By Marianna Parraga
HOUSTON (Reuters) – Petroleos de Venezuela (PDVSA), which urgently needs space in the Caribbean to store its oil, has emerged as the renter of tanks owned by NuStar Energy (NS.N) on the island of Saint Eustatius, where the Venezuelan state-run company will blend crudes, sources close to the transaction told Reuters.
NuStar, a San Antonio, Texas-based pipeline and terminals company, said last month it signed a long-term agreement to lease parts of its facility on the Caribbean island to a national oil company, but did not disclose the name of its client.
“The company renting the tanks in Saint Eustatius is PDVSA. They will use the facility as a mixing hub to produce blends that can then be exported,” one of the sources said.
After selling terminals to raise cash, PDVSA now must rent space in the Caribbean to store its oil, produce a wider portfolio of blends, and handle trading as it imports more fuels. It also needs the facilities to load large tankers to be sent to Asia, which has become its main market.
In a global market oversupplied with oil, the NuStar facility is one of several PDVSA has leased in recent years, particularly since fires damaged its domestic storage network in 2012. In at least one case, it pays rent with oil because of its well-known cash flow problems.
In 2011, PDVSA’s president and Venezuela’s petroleum minister, Rafael Ramirez, announced a plan to increase storage capacity 380 percent by 2014 to handle new production of blends made from the Orinoco belt’s crudes.
But with construction delays and declining production of light crudes, PDVSA has become a renter of space and a big buyer of heavy naphtha to mix with its extraheavy crudes.
PDVSA did not comment. NuStar said that as a matter of policy it does not disclose customer-specific information, so could neither confirm nor deny what the sources said.
On April 16, the crude tanker Nord Snow Queen arrived at Saint Eustatius, coming from the 310,000 bpd Cardon refinery in Venezuela, according to MarineTraffic.com and Reuters ship data.
BARTERING FOR SPACE
According to leasing terms renewed this year, PDVSA is paying around $0.30 per barrel for some 4 million barrels of storage capacity in Aruba, an island in the Caribbean Sea just north of Venezuela, at a refinery owned by U.S. refining company Valero Energy (VLO.N).
Aruba’s 235,0000 barrel per day (bpd) refinery was shut down in 2012, but since then Valero has earned money by renting out its tanks. PDVSA is paying with crude, which is received by Valero at Venezuelan ports, the sources added.
PDVSA is also using its own facilities in the neighbouring islands of Curacao, Bonaire, Cuba and Dominica, and it is renting a portion of a 12.5-million barrel terminal in Bahamas that it sold in 2007.
“PDVSA is desperate for tanks,” another source said, referring to the company’s need to find storage and mixing terminals. “It had been looking for store capacity in all the Caribbean”.
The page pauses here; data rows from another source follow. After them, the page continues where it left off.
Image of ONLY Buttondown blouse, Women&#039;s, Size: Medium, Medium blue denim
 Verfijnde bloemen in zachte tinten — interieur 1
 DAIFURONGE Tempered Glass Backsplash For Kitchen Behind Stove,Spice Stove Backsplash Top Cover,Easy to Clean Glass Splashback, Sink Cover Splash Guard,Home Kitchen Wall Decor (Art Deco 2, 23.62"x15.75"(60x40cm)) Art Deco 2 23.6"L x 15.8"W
Independent studies show that at some point soon Venezuela will need to import light crude or a larger volume of naphtha because it is unlikely the company can produce enough diluents domestically for its growing extraheavy crude output.
PDVSA said recently it could consider the option of buying other diluents, which could be light crudes or condensates, to formulate better quality blends.
Blends made of heavy and light crudes traditionally have been well accepted by refining companies in the United States and Asia, but growing output of U.S. light crudes and condensates has reduced refiners’ appetite for blends made with heavy naphtha.
Importing crude would be highly controversial for Venezuela, which has the world’s largest crude reserves, especially since President Nicolas Maduro has been locked in a dispute with opposition leaders over rampant crime and economic woes.
NuStar’s Statia terminal in Saint Eustatius has a total storage capacity of 13 million barrels. Brazil’s state-run Petrobras (PETR4.SA) and Petrochina have also been clients of the facility in recent years.
Since signing a long-term contract, Petrobras has been using Saint Eustatius as a fuel reserve as Brazil’s refined product imports grow and domestic refineries face frequent problems related to overprocessing.
NuStar has a plan to increase Statia’s capacity by 5 million to 7 million barrels, but the government of Saint Eustatius – a Dutch Antille – has been reluctant to allow it, the sources said.
The expansion could create an opportunity for companies from Europe and the Middle East, which, according to traders and tanker information, have been storing fuels on Saint Eustatius and also at the 350,0000 bpd Hovensa refinery in the U.S. Virgin Islands, which was shut down in 2012, but is also offering tanks for rent.